The Fed remains determined not to let deflation take hold, because it knows how dangerous it is, and apparently will spend any amount to prevent it. And they should, because there is nothing that will wreck the recovery and the economy like deflation. Ask anybody who lived through the Great Depression.

Consider this: what do you think the picture would look like had the government not intervened with trillions worth of various stimulants? They did, and despite that injection, the economy is still too close to deflation for our comfort.

Thanks for showing up, Paul!

Vigna's amazement that the trillions of "dollars" worth of stimulant hasn't been enough to stave off deflation is quaint, as is his assumption that we would now be experiencing horrendous deflation if not for the burial of all that Monopoly money. It's true that there's an apparent disconnect between the weakness of the dollar in international currency markets and its strength at your local Safeway. That's because the international markets are geared to respond to the sudden appearance of vast oceans of U.S. government debt. But since, among other things, this debt immediately gets bought by the Federal Reserve, no new money is actually printed.

If, on the other hand, you are participating in the dollar-denominated economy—if you are spending actual dollars and nickels and quarters and all those other trinkets that supposedly don't matter in this post-scarcity, long-now age of abundance—you are not willing to pay more than a dollar and a half for a gallon of milk just because Ben Bernanke's friends are getting a lot of free virtual money. Even Americans aren't that stupid.

There's a glaring error on page 2 of Das Kapital, in which the father of modern mass murder tries to refute the classical economic idea of relative value in favor of intrinsic value:

A given commodity, e.g., a quarter of wheat is exchanged for x blacking, y silk, or z gold, &c.—in short, for other commodities in the most different proportions. Instead of one exchange-value, the wheat has, therefore, a great many. But since x blacking, y silk, or z gold &c., each represent the exchange-value of one quarter of wheat, x blacking, y silk, z gold, &c., must, as exchange-values, be replaceable by each other, or equal to each other.
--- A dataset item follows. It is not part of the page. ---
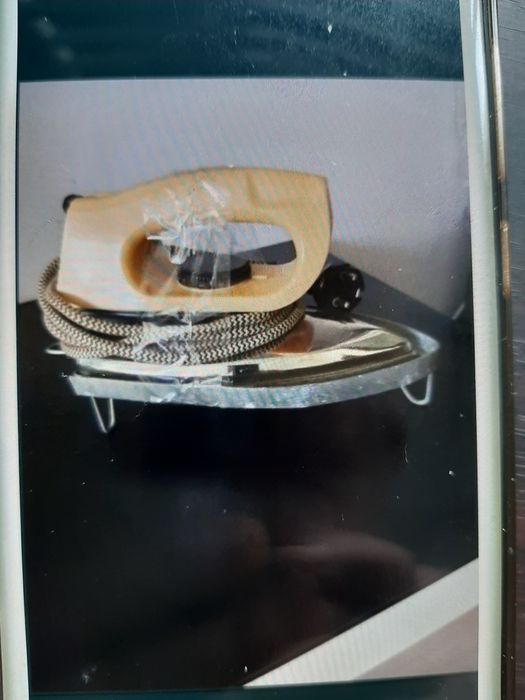 Se vinde  fier de călcat.                    .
The fault here is that obviously these other commodities are not of equal value to everybody. A pre-industrial economy has no need of "blacking," a silk exporter will value silk differently than a silk importer, and a society of meat eaters may have no interest in wheat at all. (Goldbugs make the same error; intrinsic value is a lie as bitter as love.)

It's perfectly reasonable that the dollar might hold different values for different people. If you're trading vast quantities of the bullshit electronic "dollars" being pumped into the economy, you're going to treat the buck the way Bernanke and Geithner want you to treat it—as a nearly worthless marker of value. But if you actually work for a living, you know that the greenback has gotten a lot harder to earn lately, and you are less willing to spend it.

If creating inflation were as easy as the Fed would like, or if avoiding deflation were as important as Vigna thnks it is, then why does a two-liter bottle of Coca-Cola cost today exactly what it cost during the Carter Administration? For as long as I've been drinking Coke, a two-liter bottle has cost about 99 cents at the low end to $1.50 at the high end. If you pay more than that you're getting ripped off.

That's without inflation adjustment. They've tried changing the shape. They've tried changing the formula. They've dumped Mentos into it. And yet if you go to the supermarket right now, you will almost definitely find that they are offering two liters of the Real Thing for $1.99—with a two-for-one purchase offer. If thirty years ago you had taken $2,000, put $1,000 in one pillowcase and used the rest to buy 1,000 bottles of Coke, the Coke would now be worth the same amount as the money  (though it might be a little flat). And it has never gone to zero! Let's say that again: The price of Coke has never gone to zero.

It's a good bet nobody planned for Coke to be the one commodity that tracks the dollar precisely—in fact, it does that because nobody planned it. It costs what the market will bear—a concept familiar to everybody who's visited a yard sale, but alien to the government, the Federal Reserve, and apparently the Wall Street Journal.